Ce continent a-t-il vraiment besoin de ce type d’aide, dont la facture risque d’arriver plus tard sous une forme ou une autre? Brahim Fassi-Fihri, président fondateur de l’Institut Amadeus, un think tank marocain, décrit la réponse industrielle du Maroc à la crise sanitaire: 

«Le Maroc a très vite mis en place une stratégie de souveraineté industrielle de production de masques, à travers une mobilisation générale des industries et également de son artisanat. Très vite, le Maroc s’est mis à produire d’abord deux millions de masques par jour, puis trois millions, puis cinq millions, puis aujourd’hui sept millions de masques qui sont produits tous les jours au Maroc, avec l’ambition d’arriver à 10 millions de masques produits dès les prochaines semaines.
Il faut dire qu’à peu près depuis trois semaines, près de 100 millions de masques ont été produits et distribués aux Marocains, [le Maroc, pays, ndlr] où le port du masque à l’extérieur est rendu obligatoire depuis le 7 avril.» 

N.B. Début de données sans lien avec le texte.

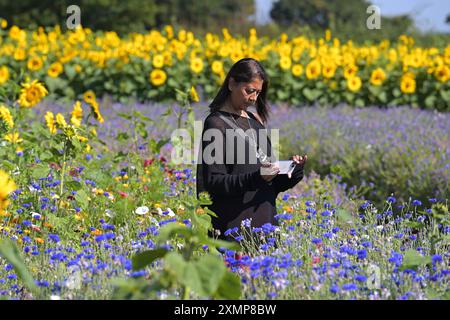 Météo saisonnière les visiteurs de Writtle Sunflowers à Pooty Pools Farm près de Chelmsford apprécient le retour du temps chaud de l'été en marchant parmi et en cueillant les tournesols et les fleurs sauvages dans la prairie. Avec des températures qui devraient dépasser 30c cette semaine, les températures les plus élevées de l'année sont possibles. Essex Chelmsford UK Copyright : xMartinxDaltonx Writtle Sunflower 290724 MD 054 Banque D'Images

Fassi-Fihri évoque également d’autres initiatives en cours sur le continent africain pour lutter contre la maladie d’une manière souveraine: 

«L’Afrique doit faire confiance à l’Afrique. Je pense qu’il y a des solutions africaines pertinentes qui méritent d’être davantage connues et reconnues. Par exemple, l’Institut Pasteur de Dakar, au Sénégal, est en train de lancer la production massive de tests de dépistage rapide, moins de 10 minutes, pour un prix autour d’un euro, ce qui serait extraordinaire.» 

L’expert réagit également aux propositions financières provenant d’Europe, notamment les 15 milliards d’euros débloqués par l’Union européenne pour l’Afrique dans le contexte de la lutte contre la pandémie, une somme qui ne représenterait selon lui «que 10% de ses besoins». Il commente aussi la proposition de moratoire d’Emmanuel Macron:

«La dette africaine est aujourd’hui estimée à environ 236 milliards de dollars, ce qui est important, notamment compte tenu des besoins actuels de l’Afrique, qui sont estimés à près de 200 milliards de dollars sur le plan sanitaire et sur le plan économique.
Il faut savoir que sur ces 236 milliards, 145 milliards sont redevables à la Chine. Donc cette dette est un enjeu important pour le continent africain. C’est pour ça que le moratoire du remboursement de la dette est essentiel en cette période de crise, parce que huit milliards de dollars de remboursement à échéance 2020 doivent être injectés par les économies et les États africains en matière de mise à niveau sanitaire et en matière de relance de leur économie, qui est aujourd’hui en crise.»